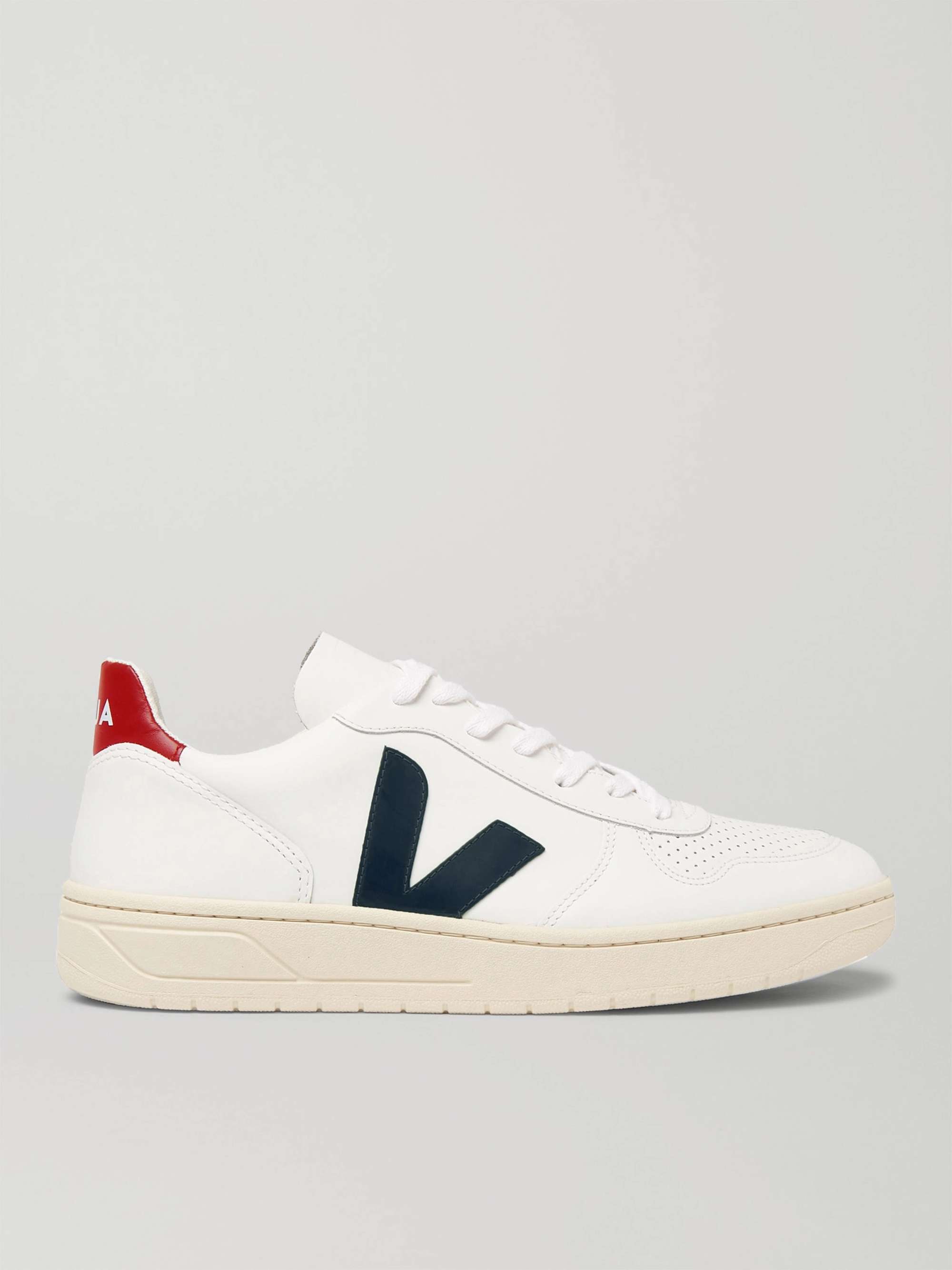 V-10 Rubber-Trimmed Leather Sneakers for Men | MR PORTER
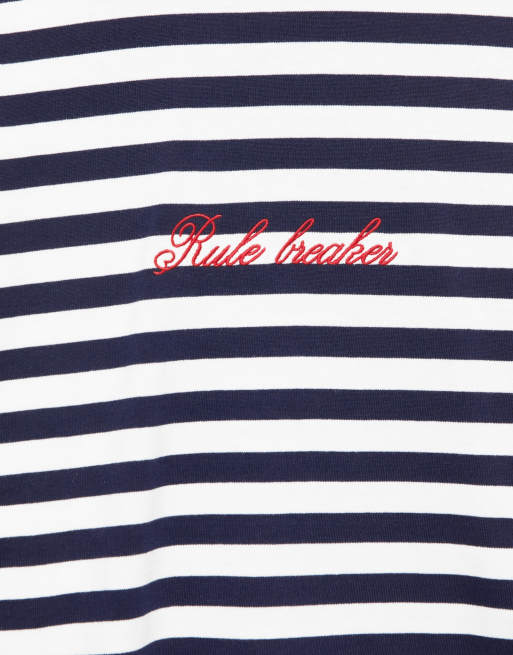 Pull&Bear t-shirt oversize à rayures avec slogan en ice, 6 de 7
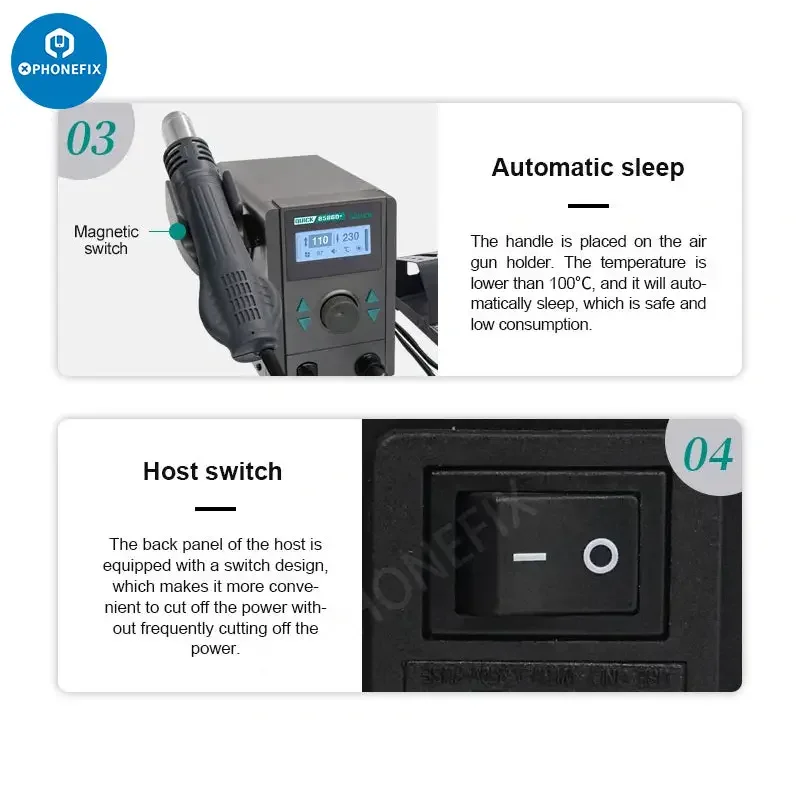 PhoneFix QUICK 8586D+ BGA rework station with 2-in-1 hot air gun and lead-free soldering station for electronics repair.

----------

(THE PROBLEM)
Your copy must consist solely of the lines from the one containing "Pull&Bear t-shirt oversize" through the final line of the material above, transcribed exactly, with the pictures left out.

(WRITTEN REPLY)
 Pull&Bear t-shirt oversize à rayures avec slogan en ice, 6 de 7
 PhoneFix QUICK 8586D+ BGA rework station with 2-in-1 hot air gun and lead-free soldering station for electronics repair.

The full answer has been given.